Comunque, dopo 1h 4’ e un totale di 38 dollari (la Siria è il primo Stato dove mi hanno chiesto dollari e non valuta locale) e circa 9 euro in dinari siriani, ho il via libera e passo. All’ultimo controllo, il poliziotto di guardia si avvicina entusiasta e mi chiede di fare una foto con la mia moto: lo accontento, accendendo tutte le luminarie, e le luci della moto risplendono nella incipiente sera siriana. Già, perché ormai il sole è tramontato…

Bene: il primo impatto con la Siria, il paese più temuto del viaggio, è andato bene; noto molta simpatia in giro.

Ma adesso non posso perdere tempo: sono quasi le 18 e non voglio stare ancora in giro su queste strade al buio. La prima città è Idlib, a circa 40 km; sulla mappa sembra abbastanza grande e anche le persone presso la frontiera mi confermano che lì troverò alloggio. Andiamo!

Prima però cambio un po’ in moneta locale presso la frontiera, in modo da non aver problemi per le prossime spese. Per fortuna la strada è discreta e, prestando la massima attenzione alle possibili insidie del manto stradale (e al traffico piuttosto disordinato), giungo in breve alla città, dove, dopo un po’ di giri viziosi, chiedendo in giro, trovo un albergo (l’unico?).

Mi assegnano la camera n. 10 e fin qui niente di strano; in tutti gli alberghi del mondo c’è il numero della camera sulla porta. Il problema è che qui il numero è… in arabo.
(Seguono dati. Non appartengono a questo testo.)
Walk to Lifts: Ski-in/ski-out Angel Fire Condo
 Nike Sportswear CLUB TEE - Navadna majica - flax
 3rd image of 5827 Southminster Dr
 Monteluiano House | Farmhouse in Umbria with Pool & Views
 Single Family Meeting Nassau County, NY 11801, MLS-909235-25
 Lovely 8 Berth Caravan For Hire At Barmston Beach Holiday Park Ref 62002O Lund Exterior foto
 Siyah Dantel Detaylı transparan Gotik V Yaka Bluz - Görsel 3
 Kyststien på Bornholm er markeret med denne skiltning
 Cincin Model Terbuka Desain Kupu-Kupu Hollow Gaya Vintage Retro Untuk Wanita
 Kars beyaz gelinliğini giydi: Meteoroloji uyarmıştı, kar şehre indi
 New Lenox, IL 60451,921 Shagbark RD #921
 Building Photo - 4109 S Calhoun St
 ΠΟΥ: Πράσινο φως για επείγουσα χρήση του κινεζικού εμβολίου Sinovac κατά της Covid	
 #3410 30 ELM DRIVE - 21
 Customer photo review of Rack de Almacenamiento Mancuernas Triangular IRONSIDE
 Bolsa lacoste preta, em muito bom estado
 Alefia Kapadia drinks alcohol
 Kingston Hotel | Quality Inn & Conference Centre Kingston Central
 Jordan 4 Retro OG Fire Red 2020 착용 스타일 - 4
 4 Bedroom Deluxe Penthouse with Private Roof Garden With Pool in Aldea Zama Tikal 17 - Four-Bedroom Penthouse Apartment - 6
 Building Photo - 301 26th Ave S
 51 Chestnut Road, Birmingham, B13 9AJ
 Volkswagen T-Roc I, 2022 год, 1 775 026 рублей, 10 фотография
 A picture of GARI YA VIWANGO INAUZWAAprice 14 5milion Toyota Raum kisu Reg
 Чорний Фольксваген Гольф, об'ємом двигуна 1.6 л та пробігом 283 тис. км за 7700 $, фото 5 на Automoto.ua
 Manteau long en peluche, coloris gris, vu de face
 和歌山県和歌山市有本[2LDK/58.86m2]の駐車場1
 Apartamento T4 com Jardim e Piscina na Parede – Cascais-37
E i numeri arabi non sono i nostri (quelli che normalmente definiamo “arabi”), ma, almeno per me, completamente incomprensibili (come il loro alfabeto).

Per complicare le cose, il numero sulla chiave è invece scritto in modo “normale” (con caratteri occidentali), quindi resto un po’ perplesso guardando i 2 numeri (chiave e porta) e cerco di memorizzare il numero arabo, per non confondermi poi.

Da ora in poi, dovrò fare molta attenzione alle indicazioni; è un “altro mondo”.

Cena in albergo, breve giro a piedi in città.

A letto presto; ho fatto qualche calcolo e mi rendo conto che, partendo di buon’ora, domani posso farcela, posso arrivare ad Aqaba.